Das alles spielt sich in Bühnen­bildern von Jean-Marc Puissant ab, die die Spiel­fläche durch Wände eingrenzen, die sich aber flexibel öffnen und gleich­zeitig als Projek­ti­ons­flächen für Video­ein­blen­dungen einzelner Musiker im ersten und für frühlingshaft farbige Aquarell-Skizzen im zweiten Teil nutzen lassen.

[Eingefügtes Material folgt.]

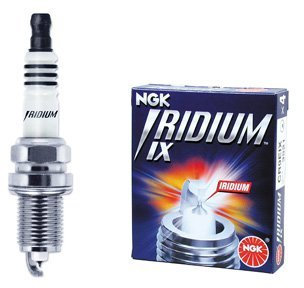 4 neue NGK Iridium IX Zündkerzen ur55ix # 7272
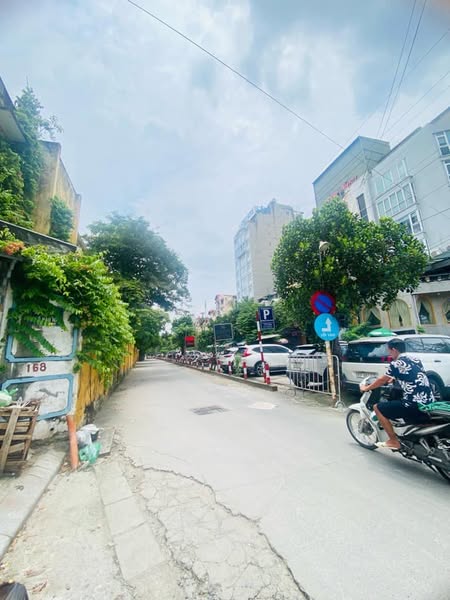 BÁN NHÀ 40M DÂN XÂY KCBT CHẮC CHẮN NGAY NGÃ TƯ GIẢNG VÕ - KIM MÃ -SỔ PHÂN LÔ - Ô TÔ CÁCH NHÀ 20M - 7 TỶ 6 (CTL)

Das Ensemble des Balletts im Revier absol­viert sein anspruchs­volles und anstren­gendes Programm auf dem gewohnten, von Bridget Breiner sorgfältig erarbei­teten, hohen Niveau, wobei spürbar wird, wie dankbar die Chance von jedem einzelnen Mitglied genutzt wird, auch solis­tisch oder in wirkungs­vollen Pas de deux‘ in Erscheinung treten zu können.

Die Neue Philhar­monie Westfalen unter Leitung von Valtteri Rauha­lammi sorgt für die eindrucks­volle orches­trale Live-Unter­malung. Für die quali­ta­tiven Unter­schiede der Kompo­si­tionen können die Musiker nichts.

Begeis­terter Beifall für eine tänze­risch hervor­ra­gende Neupro­duktion Bridget Breiners, die lediglich durch eine etwas unglück­liche musika­lische Dispo­sition getrübt wird.